Multiple sources today reported an item in the president's budget that would replace a portion of the Supplemental Food and Nutrition Assistance Program (SNAP, aka "food stamps") with physical food deliveries.  Here is Politico

The proposal, buried in the White House’s fiscal 2019 budget, would replace about half of the money most families receive via the Supplemental Nutrition Assistance Program, also known as food stamps, with what the Department of Agriculture is calling “America’s Harvest Box.” That package would be made up of “100 percent U.S. grown and produced food” and would include items like shelf-stable milk, peanut butter, canned fruits and meats, and cereal.

The proposal is being pitched as a government version of Blue Apron that will save taxpayers hundreds of millions of dollars.  SNAP and consumer advocacy groups have expressed concern with the proposal; I haven't seen any overt advocates of the plan outside the administration.  

Economists have long favored unconditional (e.g., cash) to in-kind (e.g., food) transfers.  The basic idea is that an individual consumer has a better idea of what they'll like than an administrator deciding which foods to put in a box.  In other words, for the same budget, a consumer will be happier with cash than an equivalent dollar amount of food because the former provides more flexibility and freedom than the later.  This value of flexibility could, of course, be offset if the administrator could acquire foods at a substantially reduced price compared to the average food consumer.  But, this presumes the government administrators are more skilled in food acquisition than the Amazons, Walmarts, and Krogers of the world (or that these companies are taking in excess profits that could be passed directly to consumers).

There is another aspect to this issue that doesn't seem to be getting much attention.  In particular, at least for some people, it doesn't matter if you give them food or SNAP.  Here is Southworth writing in 1945 when earlier versions of SNAP were being debated:  

‘If a family would buy two pounds of beans anyway, giving it up to two pounds of beans as a consumption subsidy merely relieves it of the necessity of that much expenditure on its own behalf. In effect, its income is increased by the value of two pounds of beans, and it may spend some or none of this increased income on additional beans

In short, if a household already plans to buy beans, it doesn’t matter whether the household is given beans or an equivalent amount of cash – the final outcome is the same.
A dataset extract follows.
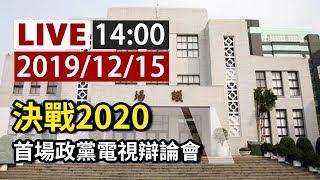 【完整公開】LIVE 決戰2020 首場政黨電視辯論會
But, what if the household wanted rice and not beans?  Providing them beans means they are a little less happier than they would have been with an amount of cash (or SNAP benefits) equal to the beans that they then could use to buy rice.  

Maybe the idea is that this version of the SNAP program would be more beneficial to U.S. farmers. But, these aid programs are hardly efficient forms of farm support.  As I found in one analysis, for every $1 spent by taxpayers on SNAP, farmers benefit by only $0.01.  If the idea is to support farmers, we'd be better off just sending them the dollar.  

In the end, the purported benefits seem to hinge critically on the government's ability to deliver food at a price low enough that offsets the value of the loss of flexibility for the aid recipient.